If you want to get past a lot of the hype around generative AI, here’s a trick: Get a bunch of really, really smart folks who have been spending most of the last few years wrangling with it. Put them in a room, close the door and tell them that we’re all going to talk/vent about their experiences and none of what they say will be attributed to them.
You’ll be astounded at what you hear—at least I was when we pulled together exactly this kind of group at our recent Chief Executive of the Year pre-gala festivities. Who was in the room? Can’t say exactly as I promised anonymity in exchange for true candor (I will say Lisa Su from AMD, our CEO of the Year, was not there). What I can say is that the group included working CEOs in various industries and company sizes who were deep into AI rollouts or had it as a central part of their operations already, as well as advisors and consultants focused on AI from some sizable, name-brand firms.
Once behind that door and shield of anonymity, they were quickly game for sharing some opinions about the technology that their titles and companies would likely not have allowed them to utter publicly—or at least not comfortably.
For the sake of brevity and utility, I’ve boiled the conversation down to some key takeaways, I hope you find them useful—or at least provocative—as you dig into your AI journey. Maybe they will resonate. They may not surprise you:
• The small opportunity. The consultants and AI CEOs in the room all expressed some frustration that their clients and customers invariably looked at generative AI primarily for productivity and cost cutting. Most agreed that “productivity and cost cutting” were among the least interesting things you could do with generative AI.
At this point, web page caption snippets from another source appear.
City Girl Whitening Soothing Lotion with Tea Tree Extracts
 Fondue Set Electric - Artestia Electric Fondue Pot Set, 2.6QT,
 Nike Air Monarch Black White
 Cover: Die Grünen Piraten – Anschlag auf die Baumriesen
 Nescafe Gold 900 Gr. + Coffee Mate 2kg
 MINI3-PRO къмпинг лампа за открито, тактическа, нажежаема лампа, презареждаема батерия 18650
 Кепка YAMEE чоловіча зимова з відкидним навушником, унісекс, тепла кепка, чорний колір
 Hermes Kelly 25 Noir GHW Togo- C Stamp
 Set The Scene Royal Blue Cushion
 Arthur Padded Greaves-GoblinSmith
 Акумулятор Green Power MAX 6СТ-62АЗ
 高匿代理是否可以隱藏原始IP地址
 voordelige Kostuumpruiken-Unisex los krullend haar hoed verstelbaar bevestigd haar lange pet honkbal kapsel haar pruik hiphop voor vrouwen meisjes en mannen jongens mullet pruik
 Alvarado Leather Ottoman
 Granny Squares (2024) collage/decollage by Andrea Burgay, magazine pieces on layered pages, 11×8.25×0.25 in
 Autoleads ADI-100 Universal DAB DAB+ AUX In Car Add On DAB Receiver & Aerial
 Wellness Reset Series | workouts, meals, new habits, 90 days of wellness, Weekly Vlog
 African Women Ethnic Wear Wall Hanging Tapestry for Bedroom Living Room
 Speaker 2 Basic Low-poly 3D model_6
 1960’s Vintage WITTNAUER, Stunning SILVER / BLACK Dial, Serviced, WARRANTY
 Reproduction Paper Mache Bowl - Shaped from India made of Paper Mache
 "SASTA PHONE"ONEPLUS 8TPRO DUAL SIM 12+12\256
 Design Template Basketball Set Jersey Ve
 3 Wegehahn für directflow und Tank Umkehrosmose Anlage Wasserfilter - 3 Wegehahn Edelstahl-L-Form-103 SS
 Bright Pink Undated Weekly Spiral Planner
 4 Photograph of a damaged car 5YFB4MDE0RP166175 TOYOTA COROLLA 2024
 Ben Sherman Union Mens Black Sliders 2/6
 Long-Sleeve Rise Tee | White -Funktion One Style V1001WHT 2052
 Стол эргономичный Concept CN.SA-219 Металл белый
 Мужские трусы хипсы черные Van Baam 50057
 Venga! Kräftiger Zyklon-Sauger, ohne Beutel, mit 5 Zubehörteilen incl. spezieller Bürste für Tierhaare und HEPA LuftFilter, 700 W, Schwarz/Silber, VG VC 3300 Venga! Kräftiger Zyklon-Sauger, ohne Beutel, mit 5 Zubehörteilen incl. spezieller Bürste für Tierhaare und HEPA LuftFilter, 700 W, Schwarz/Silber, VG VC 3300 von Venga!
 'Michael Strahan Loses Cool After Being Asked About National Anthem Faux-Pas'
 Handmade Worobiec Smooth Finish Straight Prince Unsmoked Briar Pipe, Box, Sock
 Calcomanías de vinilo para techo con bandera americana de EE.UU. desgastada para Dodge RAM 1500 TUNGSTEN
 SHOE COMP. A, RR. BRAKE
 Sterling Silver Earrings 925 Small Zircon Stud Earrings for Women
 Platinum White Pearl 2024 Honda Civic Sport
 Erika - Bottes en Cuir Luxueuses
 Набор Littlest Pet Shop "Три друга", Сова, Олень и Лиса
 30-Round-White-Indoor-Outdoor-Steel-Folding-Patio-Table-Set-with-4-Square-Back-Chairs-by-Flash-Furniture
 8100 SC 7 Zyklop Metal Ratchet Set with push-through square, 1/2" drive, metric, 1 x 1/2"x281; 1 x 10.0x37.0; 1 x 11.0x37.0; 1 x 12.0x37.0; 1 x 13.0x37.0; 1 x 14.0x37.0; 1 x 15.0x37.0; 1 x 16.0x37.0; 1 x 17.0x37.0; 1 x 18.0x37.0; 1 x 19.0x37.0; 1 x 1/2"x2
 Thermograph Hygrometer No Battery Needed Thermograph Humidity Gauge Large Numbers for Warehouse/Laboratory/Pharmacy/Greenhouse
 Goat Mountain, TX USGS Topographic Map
• The big opportunity. Not enough clients were using it to think about “the big problems” and imagine whole new business opportunities and models that weren’t there before.
• Public data is a problem. Data, of course, is the lifeblood of AI. But too many companies are trying to put the generative AI engines that are trained on public data (aka: the whole Internet) to work on real business problems—and getting ulcers as a result. Because the “big models” are fed the whole Internet, and the Internet is filled with so much garbage, what you get will invariably be unreliable and hallucination-filled (ie: the Cow Egg vs. Chicken Egg problem). That may not ever change.
• Your data is the play. Instead, everyone in the room agreed that the better play was creating “closed systems” based on smaller, more directed AI models trained on vetted, clean, tremendously accurate, proprietary data.
• Redefine AI “productivity.” As a result, you face a choice on to spend your AI resources/money: Cleaning up “slop” and error created by the big public models after the fact, to insure quality as you also try to ramp productivity or spend dear at the beginning to build your own expensive proprietary closed systems that may actually generate more useful, original insights and products.
• Don’t focus on the “chat” interface. Chat, they reminded was/is only one way of engaging with generative AI, but its ease of use and its accessibility has already narrowed executive thinking. The little prompt window is too often the proverbial hammer that turns all problems into nails, and lures you into missing big opportunities as your teams seek “the perfect prompt” to do something.
• Rigorous vetting for now. No matter what you’re doing with generative AI, from drug discovery to marketing copy, you have to review what it is doing very, very closely, and likely will for a lot longer than most experts are now letting on. The way to go is to build a framework/process for doing so at the same time as you’re bringing it online in your shop, so it scales with your efforts.
• A great win right away. While everyone knows or has learned that generative AI is good at writing code, one tech CEO said his big win—and one lots of other CEOs should tune into but haven’t yet—is how great AI is at re-doing OLD CODE to retire tech debt and update systems far faster than humans. Build a small team, have them dive in.
• Artificial general intelligence? This is potentially either the biggest nightmare or most thrilling achievement in human history. And the folks in the room—including at least a couple folks with PhDs in computer science and machine learning—couldn’t and didn’t agree on when, how or even if it would ever come about. But it was fun to watch them argue about it since this topic almost never comes up anymore at most business gatherings.
For me, the most startling thing to come out of the conversation was how much bigger some of those in in the room thought the societal impact would likely be than anyone in politics or business is now discussing publicly—and how much faster the change might arrive. For a topic that has not—as far as I can tell—ever come up in this election cycle, those in the room thought it would lead to very large-scale job losses and socioeconomic displacement within the decade.
One AI company CEO focused on backstopping retail said he actually had to downplay how much better his tools were than his clients’ employees at most commonplace efforts—to keep from unnerving them. He said he had to keep telling the workers that the AI was just a humble, obedient servant that was not going to replace them, when the truth is that it was already starting to do exactly that.